Three categories of bad outcomes the check prevents

  1. **Customer harm.** Pesticide-contaminated flower + bacteria in concentrates = real medical exposure. The cost of one ER visit traced to a product you sold > the cost of 1,000 receiving CoA checks combined.
  2. **Vendor disputes you can’t win.** Floor pulls a SKU mid-week because the CoA shows a fail. Vendor says ‘you accepted it.’ If your receiving record has the CoA verified at intake, you have a paper trail to claim against. If you didn’t check, your dispute leverage is zero — you accepted the product.
  3. **WSLCB audit findings.** Inspector pulls 5 random SKUs from the floor + asks for their CoAs + the receiving timestamp on each. If you can’t produce a verified CoA dated AT or BEFORE the receiving timestamp, that’s a documented finding. Fines start ~$1,000 + escalate with pattern.

Legitimate-but-suspicious patterns to develop intuition for

  • **Same lab + same producer + identical potency to two decimal places across multiple batches.** Real lab variance is ~0.3-1% per re-test; identical numbers across batches signals copy-paste or producer-supplied (not lab-tested) data. Spot-check by looking up the lab’s portal entry for the sample-id.
  • **THC potency suspiciously high (>32% flower, >85% concentrate label without distillate process).** Real flower caps in the high-20s; real plant-derived concentrates without distillation cap in the 70s. Numbers above the natural plant-chemistry ceiling indicate either lab inflation (some labs inflate to keep producer business) or product mislabeling.
  • **Pesticide PASS-with-only-two-tested.** Some labs run minimum-required panels and skip ones not legally required for the state.
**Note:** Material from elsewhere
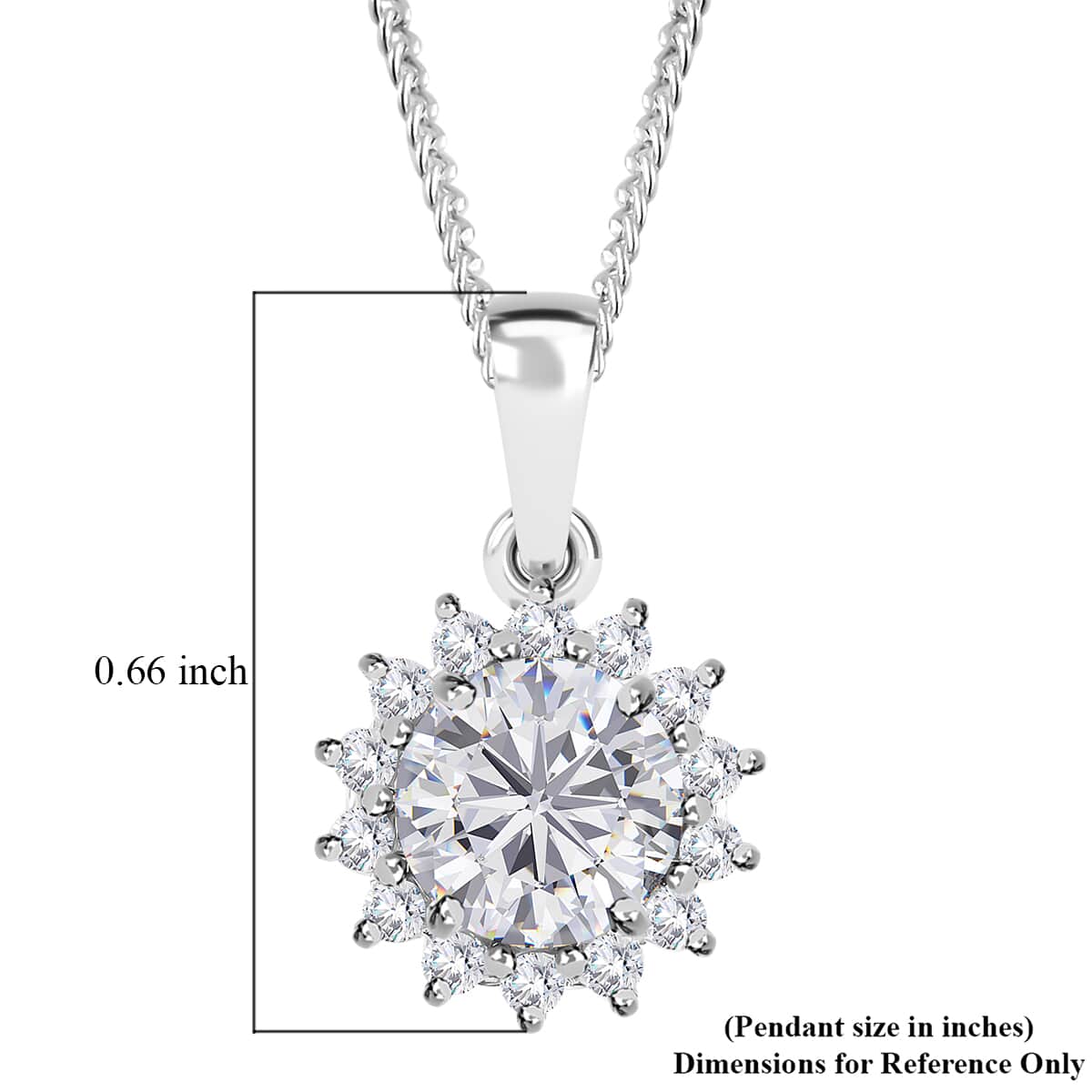 White Moissanite Sunburst Pendant Necklace (18 Inches) in Rhodium Over Sterling Silver image number 5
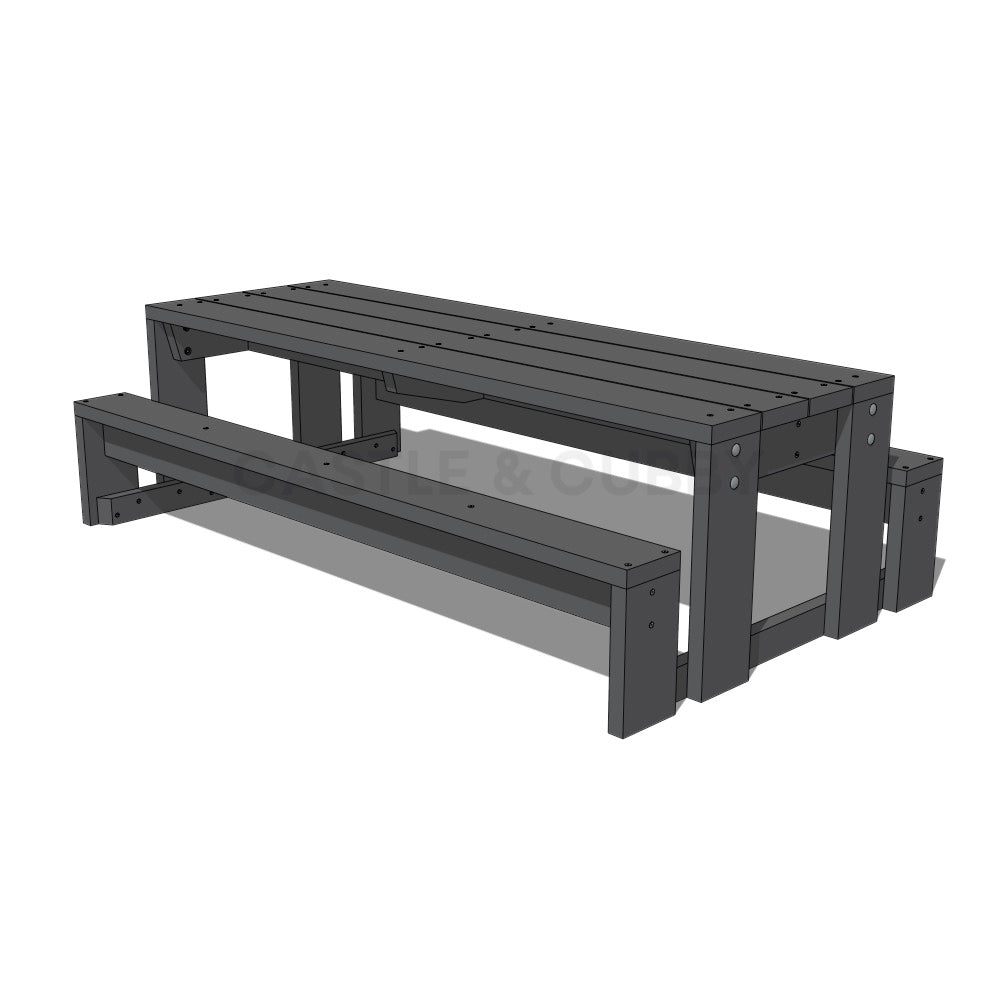 CAD image of painted timber outdoor table for educational settings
Verify the panel the CoA actually ran covers your state’s required list, not just ‘PASS’.
  • **Older CoA reused for new harvest.** Flower batch labels reference a CoA dated 6+ months ago. The producer is using a single test result for multiple harvests; per WAC 314-55-102 + most state stability rules, this is a violation. Reject + report to state if pattern repeats.

What CannAgent does to make this stick

  • **CoA upload required at receiving.** PDF attached to the receiving line; failure to upload doesn’t advance the line to the floor.
  • **6-line check enforced as a checklist** the receiver clicks through; can’t advance to next line without confirming each. Anti-pattern: receiving as a single ‘received: yes’ toggle without enforced verification.
  • **Lab license verification** against the state’s active-list (cached, refreshed nightly). CoA from an inactive-license lab flags red.
  • **Sample-date freshness check** — yellow flag at 6+ months, red at 12+ months. Receiver sees the flag at intake.
  • **Per-product CoA history** linked to every product page; budtender can pull up the live CoA in a customer-facing question; management can audit the per-vendor CoA pattern.
  • **Vendor-CoA-quality scorecard.** Aggregate your CoA-rejection rate per vendor over time; data drives the relationship-discipline conversation per /guides/cannabis-vendor-diligence-fire-or-keep.